===== DATA UNDER STUDY
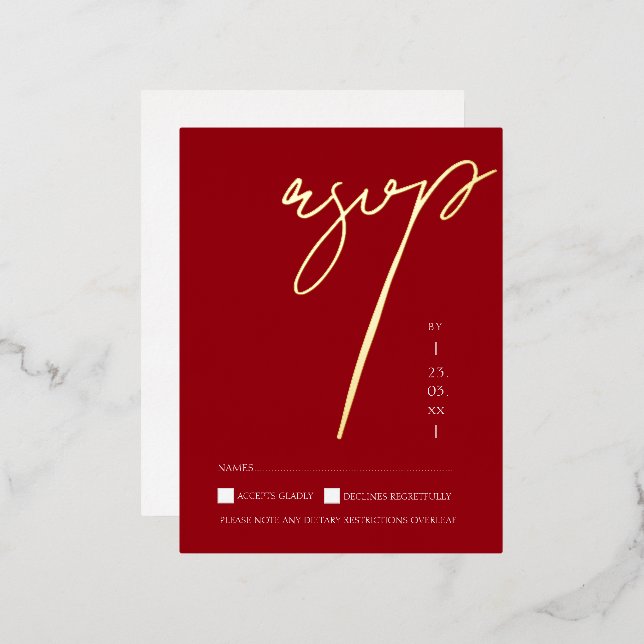 Postale D'invitation À Feuilles D'aluminium Carte de réponse de mariage simple rouge écriture  (Recto/Verso)
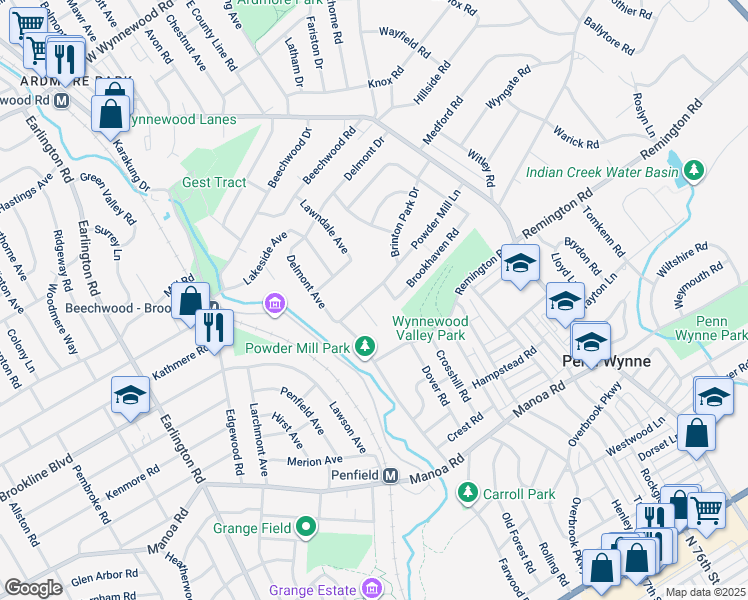 map of restaurants, bars, coffee shops, grocery stores, and more near 1712 Powder Mill Lane in Wynnewood
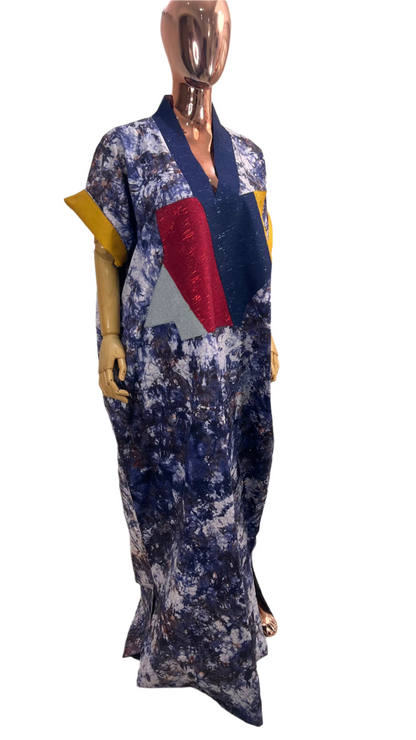 Adire Batik Tye Dye Cotton kaftan BouBou Caftan Summer Beach wear Evening wear maxi gown with slit - 039
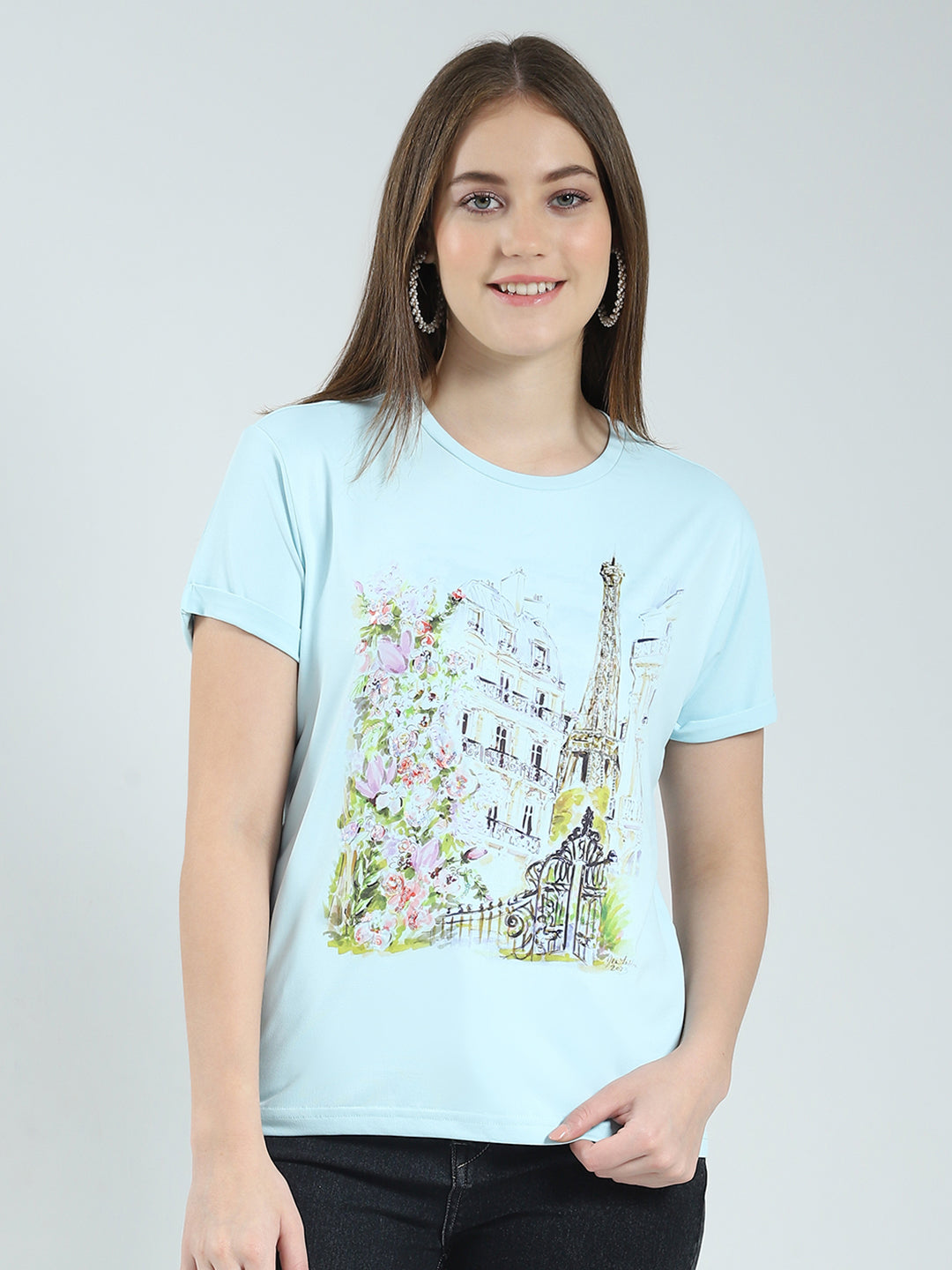 Women Blue Printed Round Neck Half Sleeve Top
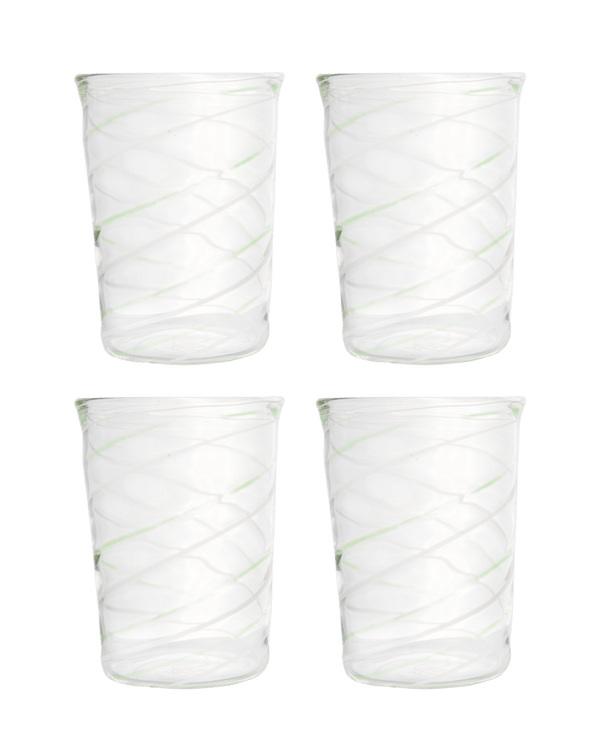 Green Swirl Water Tumbler Set of Four 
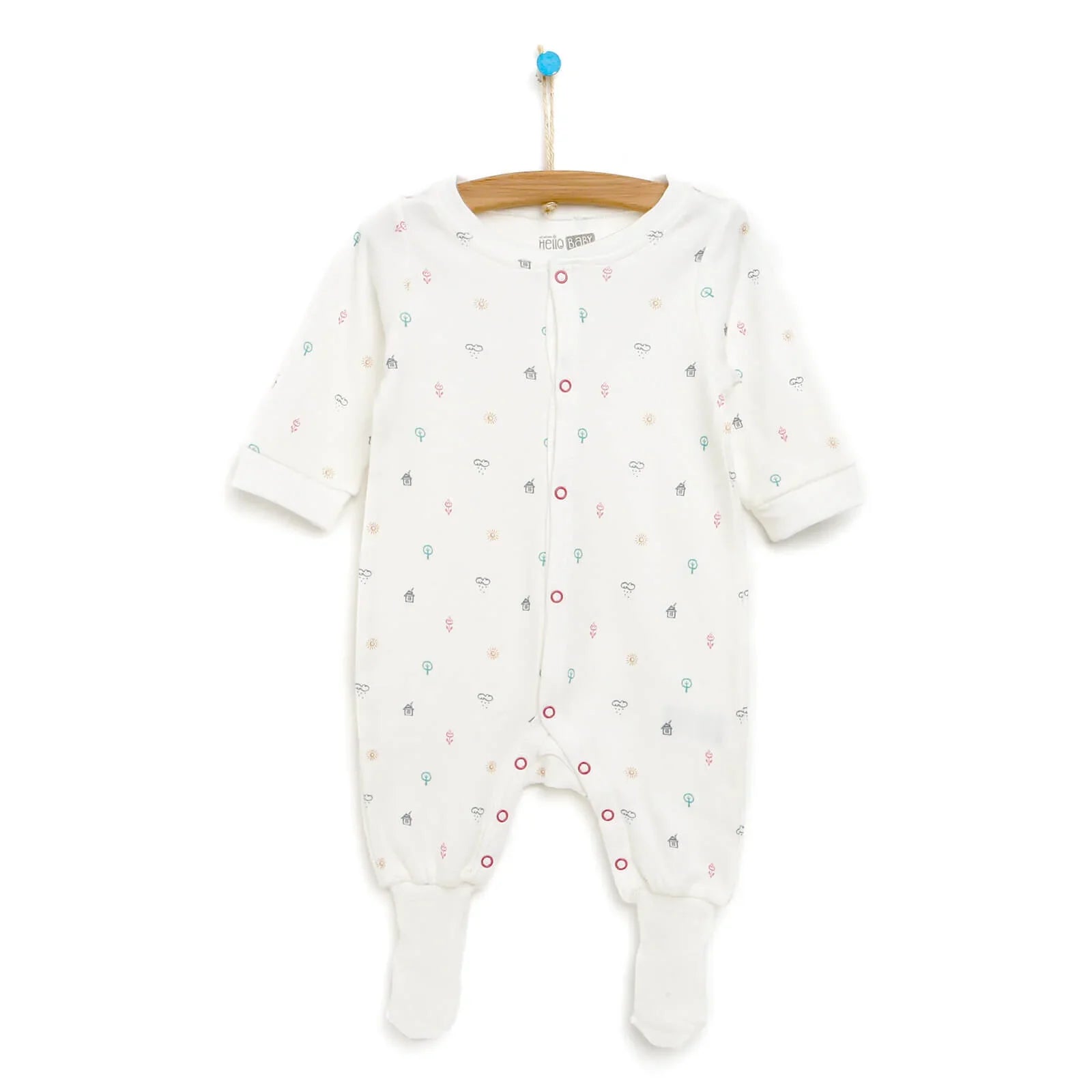 HelloBaby Newborn Baby Girl Footed Jumpsuit - Beige Melange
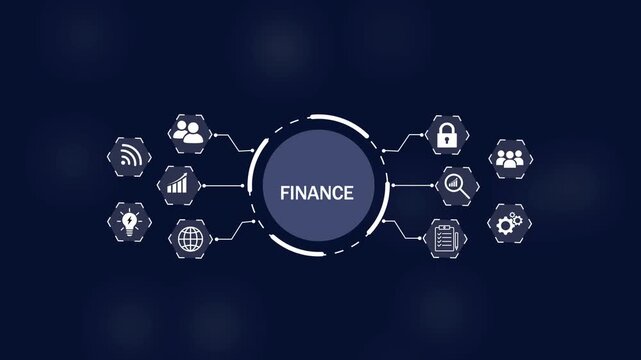 Central circular with the word FINANCE in white text surrounded by interconnected hexagonal representing business on Black Background and features 4k Motion graphics video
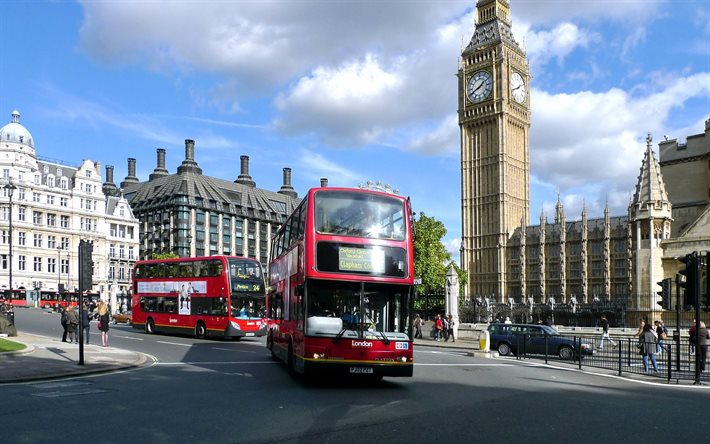 the bus, area, tower, london, street, big ben, uk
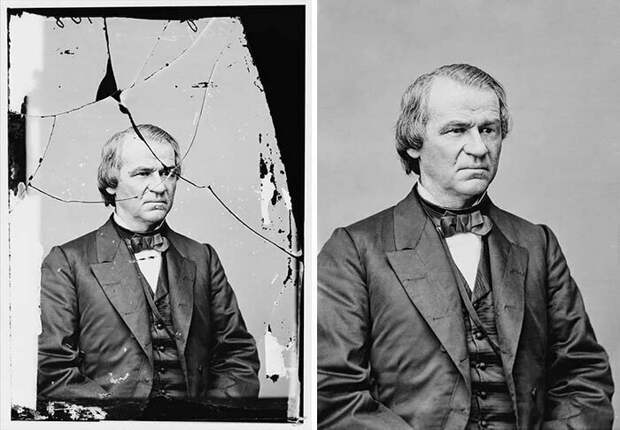 Эндрю Джонсон (декабрь 29, 1808 - июль 31, 1875), семнадцатый президент США колоризация, мастер, прошлое, реставрация, снимок, фотограф, фотография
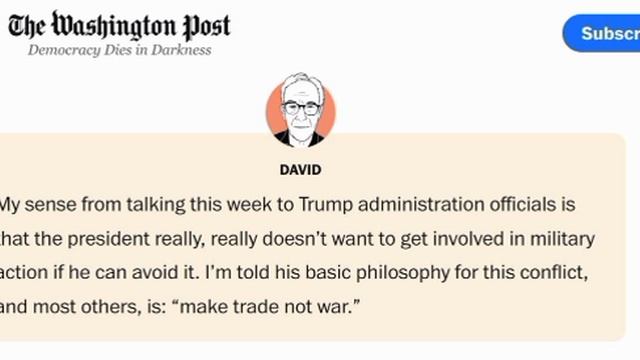 Трамп не хочет ввязываться в войну с Ираном, если ее удастся избежать, и занимает в этом, как и друг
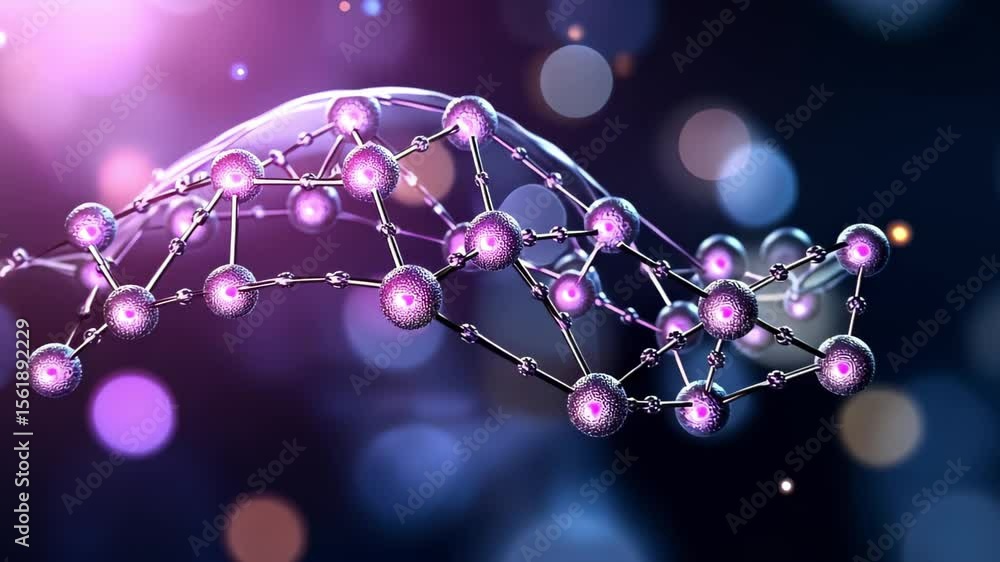 Poster a visually abstract representation of a molecular structure with glowing spheres and connections, se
==========
● WHAT TO PRODUCE
The lines to copy begin with the one containing "Adire Batik Tye" and end with the last line of the entries above; copy them exactly, minus the pictures.

● RESPONSE TO THIS EXERCISE
 Adire Batik Tye Dye Cotton kaftan BouBou Caftan Summer Beach wear Evening wear maxi gown with slit - 039
 Women Blue Printed Round Neck Half Sleeve Top
 Green Swirl Water Tumbler Set of Four 
 HelloBaby Newborn Baby Girl Footed Jumpsuit - Beige Melange
 Central circular with the word FINANCE in white text surrounded by interconnected hexagonal representing business on Black Background and features 4k Motion graphics video
 the bus, area, tower, london, street, big ben, uk
 Эндрю Джонсон (декабрь 29, 1808 - июль 31, 1875), семнадцатый президент США колоризация, мастер, прошлое, реставрация, снимок, фотограф, фотография
 Трамп не хочет ввязываться в войну с Ираном, если ее удастся избежать, и занимает в этом, как и друг
 Poster a visually abstract representation of a molecular structure with glowing spheres and connections, se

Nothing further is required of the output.